'''
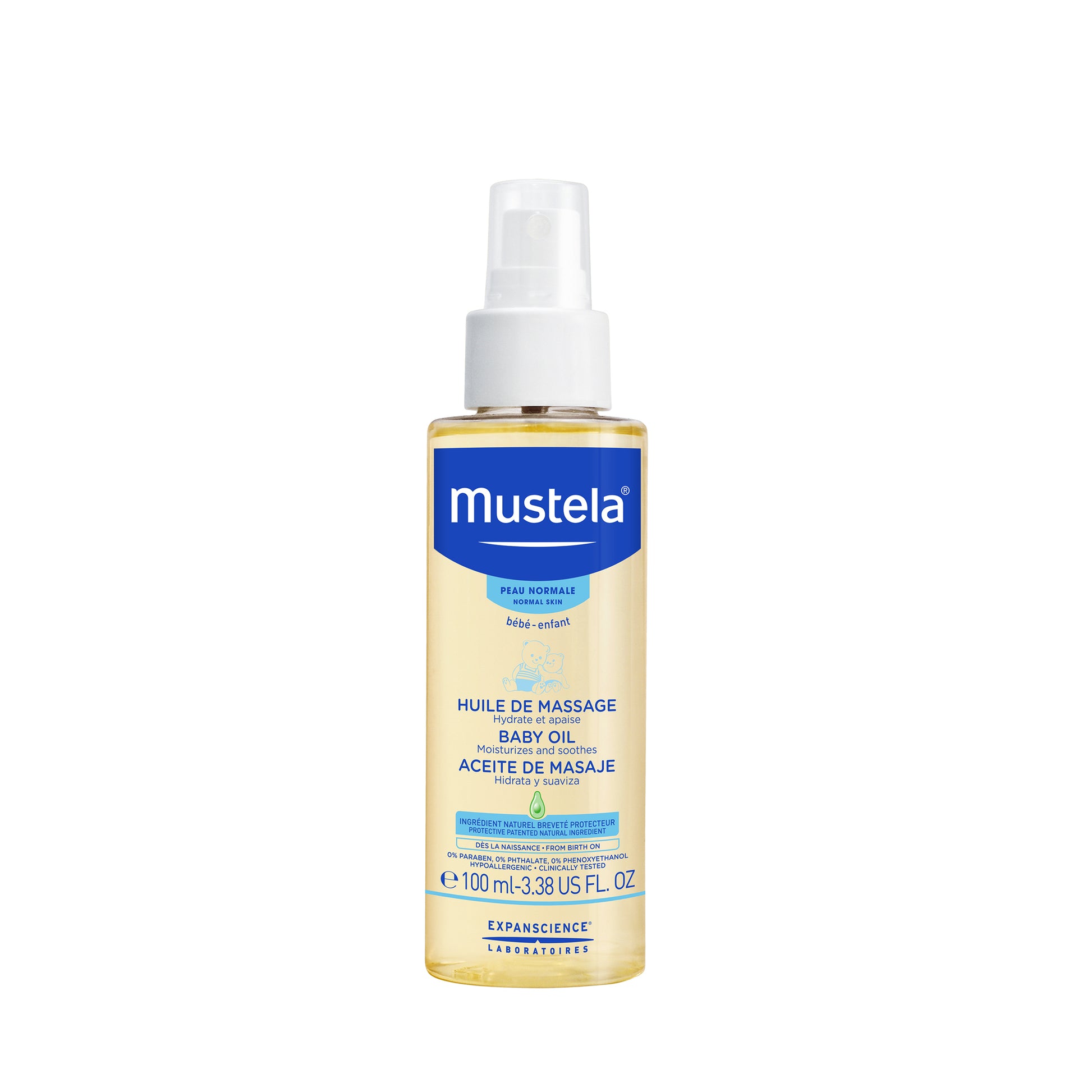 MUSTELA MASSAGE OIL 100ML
'''
'''
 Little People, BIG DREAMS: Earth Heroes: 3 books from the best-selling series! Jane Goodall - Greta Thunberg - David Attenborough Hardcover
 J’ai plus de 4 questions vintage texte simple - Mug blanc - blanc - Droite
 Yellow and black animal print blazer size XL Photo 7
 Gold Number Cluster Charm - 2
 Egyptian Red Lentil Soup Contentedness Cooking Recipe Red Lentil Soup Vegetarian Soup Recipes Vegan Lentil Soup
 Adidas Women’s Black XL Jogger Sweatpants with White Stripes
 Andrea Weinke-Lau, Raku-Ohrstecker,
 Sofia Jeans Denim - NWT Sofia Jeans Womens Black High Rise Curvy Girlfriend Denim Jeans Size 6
'''
'''
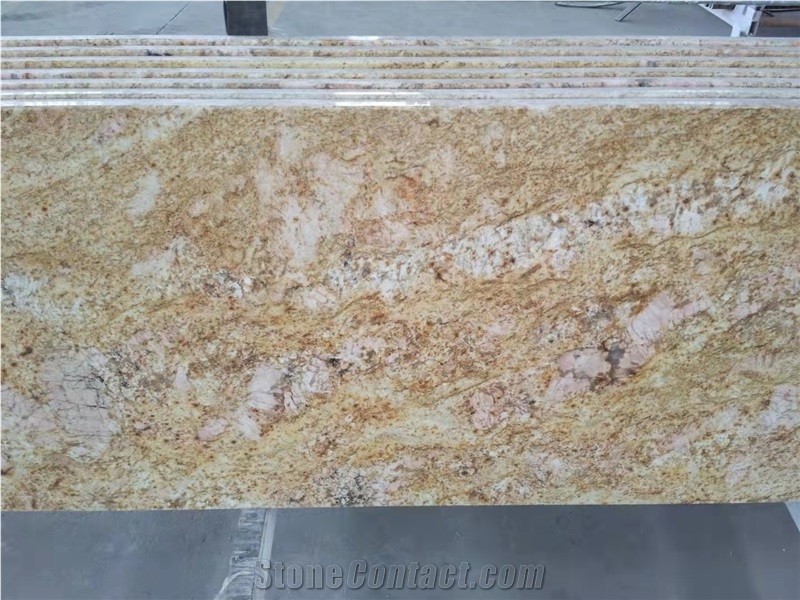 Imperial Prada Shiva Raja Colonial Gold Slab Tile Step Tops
'''
* **Exercise instructions**
Within the material above, extract exactly the lines that start at the line containing "Yellow and black" and stop after the line containing "Adidas Women’s Black", and only those.

* **Result of this exercise**
 Yellow and black animal print blazer size XL Photo 7
 Gold Number Cluster Charm - 2
 Egyptian Red Lentil Soup Contentedness Cooking Recipe Red Lentil Soup Vegetarian Soup Recipes Vegan Lentil Soup
 Adidas Women’s Black XL Jogger Sweatpants with White Stripes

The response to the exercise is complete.